# Still Struggling to find Backup Files



## jacobpressures (Jan 6, 2011)

It may be that Windows7's search engine is horrible. I couldn't find a book on my desktop by searching through MyComputer. I had to search my desktop--basically identifying where the book was. Lots of help!

Ok, i have a book.MOBI that i've been adding notes to. But i can't find the MBP file anywhere.  I've looked in Kindle Content folder and I don't see i there either.

Any suggestions? I've loaded this book on my computer now i cant get my notes back on my Kindle. this is ridiculous!


----------



## Betsy the Quilter (Oct 27, 2008)

Jacob--

I'm not quite clear on what you are trying to do.  Are you working in the Kindle for PC app?

Betsy


----------



## jacobpressures (Jan 6, 2011)

Yes, I'm working with Kindle4PC and I'm trying to move my book back onto my Kindle. I did not buy the book from Amazon. It was a freebie. But i want to carry my notes with me.  Right now all my notes and highlights in this book are stuck on my PC. When i copy the book over to Kindle, I can't view anything. it is a clean book. 

I used K4PC because it is easier for cut and pasting. It is also easier to type. So i did everything on my desktop hoping to be able to view it on my Kindle.

Thanks!


----------



## Betsy the Quilter (Oct 27, 2008)

When you say it is a clean book, are you saying it is DRM free?  

Are you putting it in the Documents folder on the Kindle?

Betsy


----------



## Morf (Nov 18, 2010)

Second attempt at a reply, while typing the first one I worked out what the problem is....

The .mbp files in "My Kindle Content" on your PC are hidden files.

In Windows Explorer (guessing Windows 7), Pick Organise, Folder and Search Options, and on the view tab click "Show hidden files, folders and drives" and they appear!


----------



## jacobpressures (Jan 6, 2011)

You are exactly right, Morf. I thought about that, but since i was able to see other MBP files elsewhere, i assumed it must not be hidden. So I've learned.

After contacting Amazon, I wasn't offered this solution. They suggested that I download the 3.3 upgrade. Now that I did that, my K4PC automatically updates all my personal documents. But it hasn't updated the ones directly on my Kindle.

Well i won't matter thanks Morf, I will just drag and drop the MBP file into my Kindle documents folder.

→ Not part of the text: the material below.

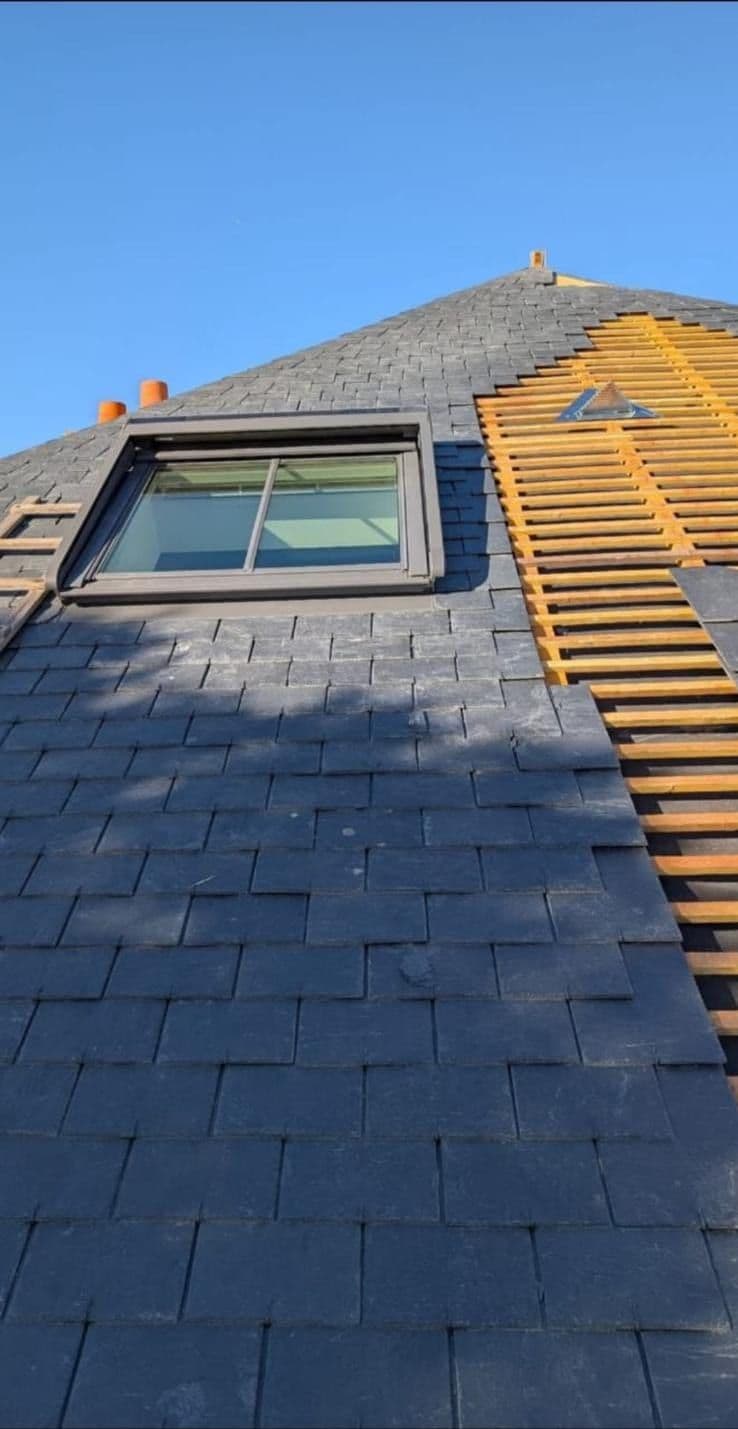 Pose d'ardoise naturelle avec intégration Velux, chantier à Igny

Looking at Amazon's website I found this additional information:


> Personal documents sent to any of your Kindle devices are automatically stored in your Kindle library. You can view and download your archived personal documents to your Kindle device conveniently anywhere, at any time. Retrieving archived personal documents is currently only supported on Kindle Keyboard, Kindle and Kindle Touch.
> 
> Personal document archiving is enabled by default in your Kindle library. Once archived, your personal documents will continue to be stored in your Kindle library until you delete them.


What i figure from this is that I need to re-email all my personal books and documents to my account and change my annotation settings to ON. Just changing the setting by itself didn't do anything. So i guess i have to re-send them via email.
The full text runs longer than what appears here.